The Day Before – Canyonlands National Park

Generalized river systems 5.5 million
            years ago   One of the interesting features in Canyonlands National Park is the Island in the Sky area. The White Rim Sandstone caps a mesa that stands high above canyons eroded by the Green River to the west and the Colorado to the east. The hard sandstone layer protects the underlying rock, but why is it so flat? The answer is, the sandstone was near (or possible part of) the old flat surface of the valley. Canyon cutting during the last 5 million years has eroded canyons on both sides, but the sandstone continues to preserve the flat top mesa until side erosion can destroy it. Thus, the level floor of the old valley is saved as an “Island in the Sky”. If we continue travelling southwestward toward Lake Powell, there are still more of these isolated flat-topped mesas such as the Kaiparowits Plateau, which rises to over 7,000 feet. These are also remnants of the old valley floor that topped out at about 6,000 feet 5.4 million years ago. Since then they have floated upward due to isostatic rebound as the Colorado, Green, and Dirty Devil Rivers have eroded nearby sections of the old valley and thus removed weight that was holding the old surface down.

The Day Before – Escalante, Utah

   A short distance east of Escalante, it would seem that the Escante River should take an easy route to the southeast. The valley broadens out and rises only some 50 feet before sloping down to the southeast. Instead, the Escalante River continues eastward cutting a canyon over 1,000 ft. deep in the mesa between Antone Flat to the north and Big Flat to the south. These flats were probably part of the ancient broad valley that in turn was covered by silt 6 million years ago. The Escalante River meandered randomly across this old silt plain, and when canyon cutting backed up into this area, the river happened to be flowing eastward over the old ridge. The random wanderings of this old route are still preserved as entrenched meanders in the canyon.

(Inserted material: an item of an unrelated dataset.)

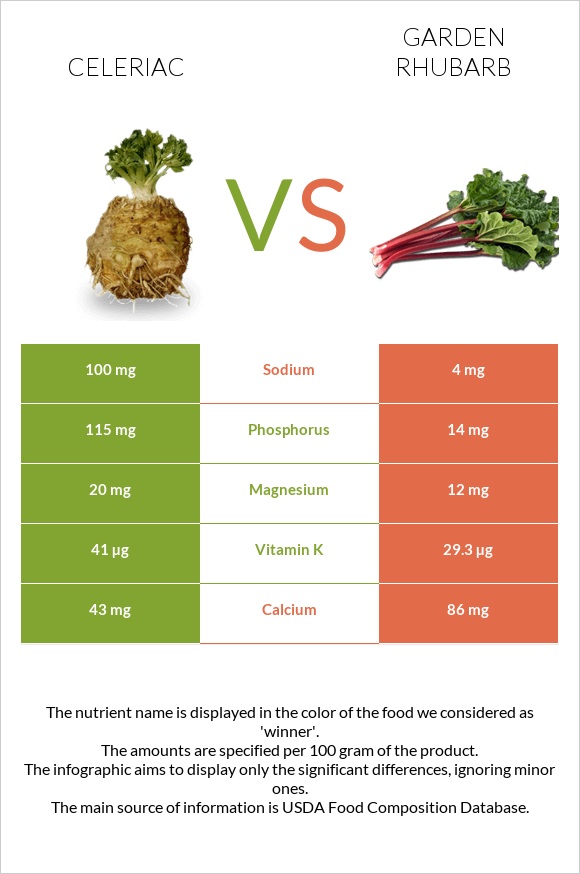Celeriac vs Garden rhubarb infographic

The Day Before – The San Juan River

Generalized river systems 5.5 million
            years ago   There are a couple of curiosities involving the San Juan River – especially near Mexican Hat, Utah. If we look at the area today, the Goosenecks in the San Juan are a classic example of entrenched meanders. A photograph of this area is more or less standard in many geology textbooks. Also, in the same area, the San Juan River cuts a canyon through the Monument Upwarp leaving Cedar Mesa to the north and Douglas Mesa to the south. Actual there was no cut here prior to 5.4 million years ago, and the two units were simply part of the Monument Upwarp. Curiously, there are river gravel deposits on the southeast side of Douglas Mesa several miles from the current river. (Please see the map on page 62, Roadside Geology of Utah.)

   These curiosities fit into the model as follows. Until about 8 million years ago, the San Juan flowed around the south side of Douglas Mesa (and the Monument Upwarp) before turning north to join the Little Colorado in central Utah. In the process, the San Juan left gravel deposits on the southeast side of Douglas Mesa. The silt plain that formed to the east of the rising Wasatch was deep enough to bury all of present Douglas Mesa including the old gravel deposits. The San Juan then meandered across this silt plain. Most of the time it turned north near the eastern end of present-day Lake Powel. After joining the Little Colorado, the combined river flowed north to meet the Colorado. After the Grand Canyon event, canyon cutting would work its way back upstream to the Mexican Hat area. At that time, the river happened to be over the southern edge of Cedar Mesa with meanders near Mexican Hat. Canyon cutting then left Douglas Mesa cut off from Cedar Mesa and the meanders became entrenched. If you check topo maps of the Cedar Mesa / Douglas Mesa area, by an “amazing” coincidence the smoothed contours at the breakpoint between the two mesas comes out to just under 6,300 feet.

The Day Before – Hopi (Bidahochi) Lake

   One of the more recent sedimentary deposits in eastern Arizona is the Bidahochi Formation (Hopi Lake). The Bidahochi is a mixture of shallow lake and silt flats deposits beginning about 16 million years ago. (The former interpretation of a continuous large lake is no longer valid.) At one time, there was a theory that an ancestral Colorado River flowed southeastward into Hopi Lake and continued southeastward across New Mexico. Then headwall erosion by a “Pirate Stream” from west to east across the Kaibab Plateau captured the Colorado to form the Grand Canyon.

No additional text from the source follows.